--- Data for the task Enclosed Below ---

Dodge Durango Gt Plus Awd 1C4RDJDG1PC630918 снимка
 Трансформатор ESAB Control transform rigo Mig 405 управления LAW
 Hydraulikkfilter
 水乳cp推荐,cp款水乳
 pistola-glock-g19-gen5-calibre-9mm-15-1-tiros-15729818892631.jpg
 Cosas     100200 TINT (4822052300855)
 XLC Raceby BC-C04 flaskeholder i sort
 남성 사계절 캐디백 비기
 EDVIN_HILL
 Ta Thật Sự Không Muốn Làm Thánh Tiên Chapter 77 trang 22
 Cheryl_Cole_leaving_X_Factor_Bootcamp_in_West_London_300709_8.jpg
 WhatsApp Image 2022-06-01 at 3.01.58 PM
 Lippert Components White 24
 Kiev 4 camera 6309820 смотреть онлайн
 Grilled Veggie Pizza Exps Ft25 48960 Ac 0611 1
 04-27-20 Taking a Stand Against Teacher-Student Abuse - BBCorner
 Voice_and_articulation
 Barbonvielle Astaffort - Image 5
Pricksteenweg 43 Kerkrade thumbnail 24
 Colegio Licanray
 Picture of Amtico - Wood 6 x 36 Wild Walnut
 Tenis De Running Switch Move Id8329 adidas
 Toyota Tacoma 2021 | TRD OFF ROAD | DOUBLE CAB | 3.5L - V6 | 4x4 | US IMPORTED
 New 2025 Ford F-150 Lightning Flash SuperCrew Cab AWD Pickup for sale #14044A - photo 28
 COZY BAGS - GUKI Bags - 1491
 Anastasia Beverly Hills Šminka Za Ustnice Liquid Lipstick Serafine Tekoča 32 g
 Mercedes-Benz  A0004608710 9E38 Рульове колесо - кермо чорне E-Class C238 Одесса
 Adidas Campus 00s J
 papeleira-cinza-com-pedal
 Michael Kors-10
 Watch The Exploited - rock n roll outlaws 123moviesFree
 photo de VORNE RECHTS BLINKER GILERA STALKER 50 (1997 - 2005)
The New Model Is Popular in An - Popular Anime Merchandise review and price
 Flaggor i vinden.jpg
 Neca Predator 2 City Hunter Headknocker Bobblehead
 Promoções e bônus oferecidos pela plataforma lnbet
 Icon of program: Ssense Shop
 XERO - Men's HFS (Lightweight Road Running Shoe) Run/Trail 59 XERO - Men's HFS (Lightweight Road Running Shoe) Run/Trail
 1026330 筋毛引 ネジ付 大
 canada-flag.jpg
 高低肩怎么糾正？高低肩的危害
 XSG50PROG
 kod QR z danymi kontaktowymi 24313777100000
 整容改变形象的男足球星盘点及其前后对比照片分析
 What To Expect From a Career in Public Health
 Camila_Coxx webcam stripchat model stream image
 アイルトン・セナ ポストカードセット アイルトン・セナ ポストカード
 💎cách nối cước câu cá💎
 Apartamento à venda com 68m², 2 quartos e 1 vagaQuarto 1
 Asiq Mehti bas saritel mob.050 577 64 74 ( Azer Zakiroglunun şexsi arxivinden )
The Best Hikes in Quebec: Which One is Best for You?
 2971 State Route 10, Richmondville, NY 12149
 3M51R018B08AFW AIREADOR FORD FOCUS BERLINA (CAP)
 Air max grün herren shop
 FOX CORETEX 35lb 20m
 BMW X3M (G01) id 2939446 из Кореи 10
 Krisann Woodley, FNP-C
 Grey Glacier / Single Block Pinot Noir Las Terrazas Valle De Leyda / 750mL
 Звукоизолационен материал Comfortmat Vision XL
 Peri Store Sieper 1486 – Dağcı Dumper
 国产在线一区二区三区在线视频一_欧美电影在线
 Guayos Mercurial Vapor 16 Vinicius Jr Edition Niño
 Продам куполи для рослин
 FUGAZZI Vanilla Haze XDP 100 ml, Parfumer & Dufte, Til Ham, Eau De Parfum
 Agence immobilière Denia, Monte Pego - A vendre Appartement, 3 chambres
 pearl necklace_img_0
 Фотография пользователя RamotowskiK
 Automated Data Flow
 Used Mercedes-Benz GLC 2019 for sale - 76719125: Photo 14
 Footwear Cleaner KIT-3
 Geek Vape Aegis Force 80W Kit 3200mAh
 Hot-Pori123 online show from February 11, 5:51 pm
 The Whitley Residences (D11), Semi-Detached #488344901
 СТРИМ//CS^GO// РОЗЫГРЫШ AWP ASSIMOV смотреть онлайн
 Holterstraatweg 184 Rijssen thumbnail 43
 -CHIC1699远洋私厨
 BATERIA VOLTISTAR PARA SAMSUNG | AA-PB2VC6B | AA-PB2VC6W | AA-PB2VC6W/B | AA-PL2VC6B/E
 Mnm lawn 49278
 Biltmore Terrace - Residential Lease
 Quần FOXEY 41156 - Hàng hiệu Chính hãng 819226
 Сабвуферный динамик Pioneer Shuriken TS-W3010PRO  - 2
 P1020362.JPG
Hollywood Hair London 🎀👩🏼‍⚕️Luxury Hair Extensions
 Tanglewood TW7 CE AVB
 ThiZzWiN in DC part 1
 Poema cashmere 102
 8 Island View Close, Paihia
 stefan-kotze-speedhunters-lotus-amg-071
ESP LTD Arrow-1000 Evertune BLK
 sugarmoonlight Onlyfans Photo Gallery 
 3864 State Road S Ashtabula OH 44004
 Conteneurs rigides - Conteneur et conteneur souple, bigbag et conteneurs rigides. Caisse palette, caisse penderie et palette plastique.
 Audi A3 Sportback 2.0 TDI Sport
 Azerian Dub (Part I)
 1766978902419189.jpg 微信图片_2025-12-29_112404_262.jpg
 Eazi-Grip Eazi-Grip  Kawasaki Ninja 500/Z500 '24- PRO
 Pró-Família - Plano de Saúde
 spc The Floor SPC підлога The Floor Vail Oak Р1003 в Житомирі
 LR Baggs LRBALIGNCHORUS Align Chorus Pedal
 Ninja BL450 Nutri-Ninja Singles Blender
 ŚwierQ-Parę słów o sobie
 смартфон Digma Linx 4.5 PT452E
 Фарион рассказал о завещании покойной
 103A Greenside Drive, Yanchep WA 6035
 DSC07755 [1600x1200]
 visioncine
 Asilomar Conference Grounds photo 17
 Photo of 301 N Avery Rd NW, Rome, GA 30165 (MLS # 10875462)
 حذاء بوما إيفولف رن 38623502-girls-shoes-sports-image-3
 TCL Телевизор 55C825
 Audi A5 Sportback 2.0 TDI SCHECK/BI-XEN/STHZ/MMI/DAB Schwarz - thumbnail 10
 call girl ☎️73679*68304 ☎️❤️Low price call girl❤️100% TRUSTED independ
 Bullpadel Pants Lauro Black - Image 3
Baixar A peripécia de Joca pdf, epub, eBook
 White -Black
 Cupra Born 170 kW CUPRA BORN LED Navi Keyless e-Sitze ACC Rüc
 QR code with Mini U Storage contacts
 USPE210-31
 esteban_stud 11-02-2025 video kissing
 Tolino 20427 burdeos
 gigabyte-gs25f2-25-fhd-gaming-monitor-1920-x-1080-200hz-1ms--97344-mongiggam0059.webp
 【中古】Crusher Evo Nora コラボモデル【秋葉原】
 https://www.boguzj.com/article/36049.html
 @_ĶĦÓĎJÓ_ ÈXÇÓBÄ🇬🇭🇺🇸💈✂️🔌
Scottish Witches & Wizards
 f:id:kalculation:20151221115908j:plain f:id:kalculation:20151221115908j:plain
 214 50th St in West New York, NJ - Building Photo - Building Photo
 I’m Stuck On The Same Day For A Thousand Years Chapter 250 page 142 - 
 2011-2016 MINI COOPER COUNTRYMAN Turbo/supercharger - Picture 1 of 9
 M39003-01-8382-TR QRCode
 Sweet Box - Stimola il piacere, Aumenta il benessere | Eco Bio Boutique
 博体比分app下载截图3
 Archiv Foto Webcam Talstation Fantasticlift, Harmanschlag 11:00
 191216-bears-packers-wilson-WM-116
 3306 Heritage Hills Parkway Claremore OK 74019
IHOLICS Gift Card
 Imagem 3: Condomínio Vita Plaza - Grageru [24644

--- End of Enclosed Data for the task ---

• [Work instructions]:
Locate the word "State" in the records above, and return each line that has it.

• [Your response]:
 2971 State Route 10, Richmondville, NY 12149
 3864 State Road S Ashtabula OH 44004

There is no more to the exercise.